[Opening Provided records section]

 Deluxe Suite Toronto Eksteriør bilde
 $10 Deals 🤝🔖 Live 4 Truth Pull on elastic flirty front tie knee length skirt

[Closing Provided records section]
[Opening Provided records section]

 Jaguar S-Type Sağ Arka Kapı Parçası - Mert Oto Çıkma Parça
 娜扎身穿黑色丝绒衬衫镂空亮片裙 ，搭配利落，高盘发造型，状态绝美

[Closing Provided records section]

To do:
Of all the entries above, repeat only the lines from the line that has "Deluxe Suite Toronto Eksteriør bilde" to the line that has "knee length skirt", both lines included, exactly.

Result for this task:
 Deluxe Suite Toronto Eksteriør bilde
 $10 Deals 🤝🔖 Live 4 Truth Pull on elastic flirty front tie knee length skirt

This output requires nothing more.